● YOUR ASSIGNMENT: Hunt through the entries for the word "Street" and copy each line in which it appears.

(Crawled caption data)
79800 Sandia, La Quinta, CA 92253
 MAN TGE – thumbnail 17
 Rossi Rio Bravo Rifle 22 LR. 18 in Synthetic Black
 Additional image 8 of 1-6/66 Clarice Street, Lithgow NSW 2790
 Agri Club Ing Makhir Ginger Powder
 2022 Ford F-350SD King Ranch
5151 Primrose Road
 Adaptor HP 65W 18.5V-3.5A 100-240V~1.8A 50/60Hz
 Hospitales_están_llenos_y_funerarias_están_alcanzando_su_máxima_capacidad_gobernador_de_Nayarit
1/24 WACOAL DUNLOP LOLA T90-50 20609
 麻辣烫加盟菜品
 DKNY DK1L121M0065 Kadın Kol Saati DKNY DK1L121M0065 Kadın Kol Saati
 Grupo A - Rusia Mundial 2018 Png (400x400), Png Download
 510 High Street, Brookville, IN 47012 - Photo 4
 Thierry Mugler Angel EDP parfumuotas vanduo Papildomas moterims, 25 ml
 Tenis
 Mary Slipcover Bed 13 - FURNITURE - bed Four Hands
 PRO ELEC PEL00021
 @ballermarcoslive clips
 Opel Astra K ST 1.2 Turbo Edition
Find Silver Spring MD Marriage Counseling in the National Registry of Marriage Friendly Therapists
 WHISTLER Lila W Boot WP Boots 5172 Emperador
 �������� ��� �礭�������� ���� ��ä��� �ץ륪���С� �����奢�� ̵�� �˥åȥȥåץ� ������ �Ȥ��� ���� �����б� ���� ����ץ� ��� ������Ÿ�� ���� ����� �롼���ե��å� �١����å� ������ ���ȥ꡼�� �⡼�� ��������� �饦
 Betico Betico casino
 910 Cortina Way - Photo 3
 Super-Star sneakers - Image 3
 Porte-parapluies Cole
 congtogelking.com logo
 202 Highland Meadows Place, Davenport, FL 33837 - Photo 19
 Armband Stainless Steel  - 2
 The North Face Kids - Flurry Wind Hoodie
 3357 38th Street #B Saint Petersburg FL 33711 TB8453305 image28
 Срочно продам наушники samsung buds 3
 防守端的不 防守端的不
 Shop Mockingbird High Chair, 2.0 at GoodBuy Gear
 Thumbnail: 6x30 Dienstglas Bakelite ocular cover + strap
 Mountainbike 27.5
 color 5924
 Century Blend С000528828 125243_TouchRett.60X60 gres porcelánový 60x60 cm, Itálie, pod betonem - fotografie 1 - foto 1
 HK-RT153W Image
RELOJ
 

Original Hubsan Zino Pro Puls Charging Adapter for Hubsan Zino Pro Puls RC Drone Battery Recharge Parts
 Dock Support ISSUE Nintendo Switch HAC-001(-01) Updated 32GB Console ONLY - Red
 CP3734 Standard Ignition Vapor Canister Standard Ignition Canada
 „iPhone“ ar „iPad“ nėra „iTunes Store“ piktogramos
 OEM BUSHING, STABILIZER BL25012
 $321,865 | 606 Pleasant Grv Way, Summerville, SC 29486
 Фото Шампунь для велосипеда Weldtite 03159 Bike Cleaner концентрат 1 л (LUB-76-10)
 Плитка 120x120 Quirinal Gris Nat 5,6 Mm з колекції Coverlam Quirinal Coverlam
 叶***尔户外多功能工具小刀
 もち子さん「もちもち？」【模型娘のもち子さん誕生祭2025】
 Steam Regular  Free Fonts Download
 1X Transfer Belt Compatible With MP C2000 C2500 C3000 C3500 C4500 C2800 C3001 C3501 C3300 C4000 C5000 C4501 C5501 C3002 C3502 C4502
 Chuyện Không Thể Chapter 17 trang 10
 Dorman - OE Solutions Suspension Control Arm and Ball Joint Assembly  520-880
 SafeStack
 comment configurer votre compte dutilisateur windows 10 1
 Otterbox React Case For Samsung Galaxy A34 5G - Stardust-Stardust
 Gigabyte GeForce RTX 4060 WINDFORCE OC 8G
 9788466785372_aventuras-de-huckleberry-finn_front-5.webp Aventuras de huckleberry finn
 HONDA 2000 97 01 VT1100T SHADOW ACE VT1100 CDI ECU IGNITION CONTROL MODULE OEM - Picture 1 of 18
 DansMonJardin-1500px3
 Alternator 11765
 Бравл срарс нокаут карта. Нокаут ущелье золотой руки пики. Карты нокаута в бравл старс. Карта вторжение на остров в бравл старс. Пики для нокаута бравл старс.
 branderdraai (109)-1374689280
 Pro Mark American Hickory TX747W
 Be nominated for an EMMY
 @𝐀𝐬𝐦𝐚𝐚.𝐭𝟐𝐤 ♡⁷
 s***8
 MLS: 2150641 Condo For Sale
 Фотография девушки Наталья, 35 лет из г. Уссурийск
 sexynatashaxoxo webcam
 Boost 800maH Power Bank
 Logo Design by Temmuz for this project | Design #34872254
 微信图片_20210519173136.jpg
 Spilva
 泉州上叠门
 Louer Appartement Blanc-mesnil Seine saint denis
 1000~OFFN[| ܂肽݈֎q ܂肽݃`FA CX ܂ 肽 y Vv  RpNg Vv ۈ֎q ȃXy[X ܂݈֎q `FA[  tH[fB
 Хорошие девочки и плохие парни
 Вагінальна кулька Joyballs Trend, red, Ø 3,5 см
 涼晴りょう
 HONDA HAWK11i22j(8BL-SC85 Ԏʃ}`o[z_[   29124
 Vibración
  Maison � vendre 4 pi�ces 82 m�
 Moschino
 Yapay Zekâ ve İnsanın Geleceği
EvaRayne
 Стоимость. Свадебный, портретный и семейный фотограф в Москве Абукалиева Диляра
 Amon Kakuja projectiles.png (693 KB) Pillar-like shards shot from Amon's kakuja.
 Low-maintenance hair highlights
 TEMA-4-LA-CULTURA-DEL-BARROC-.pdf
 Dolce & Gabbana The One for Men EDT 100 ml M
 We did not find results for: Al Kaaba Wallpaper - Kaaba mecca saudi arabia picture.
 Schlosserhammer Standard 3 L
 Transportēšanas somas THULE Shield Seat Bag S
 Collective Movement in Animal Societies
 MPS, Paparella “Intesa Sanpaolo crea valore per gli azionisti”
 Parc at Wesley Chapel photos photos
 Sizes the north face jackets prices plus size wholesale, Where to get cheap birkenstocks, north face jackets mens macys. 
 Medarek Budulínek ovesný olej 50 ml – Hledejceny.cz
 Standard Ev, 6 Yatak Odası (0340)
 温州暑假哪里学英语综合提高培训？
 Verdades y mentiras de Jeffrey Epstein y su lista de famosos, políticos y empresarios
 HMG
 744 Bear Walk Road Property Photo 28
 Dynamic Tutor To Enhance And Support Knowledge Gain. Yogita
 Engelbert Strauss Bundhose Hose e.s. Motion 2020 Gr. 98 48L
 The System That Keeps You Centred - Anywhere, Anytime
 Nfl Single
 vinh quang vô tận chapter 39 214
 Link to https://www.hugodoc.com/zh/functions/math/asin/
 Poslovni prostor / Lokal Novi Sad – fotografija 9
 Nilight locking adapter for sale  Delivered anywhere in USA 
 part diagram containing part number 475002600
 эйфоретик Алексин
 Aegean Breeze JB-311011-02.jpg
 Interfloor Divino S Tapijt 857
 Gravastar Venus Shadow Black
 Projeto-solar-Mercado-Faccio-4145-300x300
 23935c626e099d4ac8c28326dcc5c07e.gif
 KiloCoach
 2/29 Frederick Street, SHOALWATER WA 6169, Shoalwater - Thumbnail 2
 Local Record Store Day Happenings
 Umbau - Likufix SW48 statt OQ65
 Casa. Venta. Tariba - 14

● EXERCISE OUTPUT:
 Additional image 8 of 1-6/66 Clarice Street, Lithgow NSW 2790
 510 High Street, Brookville, IN 47012 - Photo 4
 3357 38th Street #B Saint Petersburg FL 33711 TB8453305 image28
 2/29 Frederick Street, SHOALWATER WA 6169, Shoalwater - Thumbnail 2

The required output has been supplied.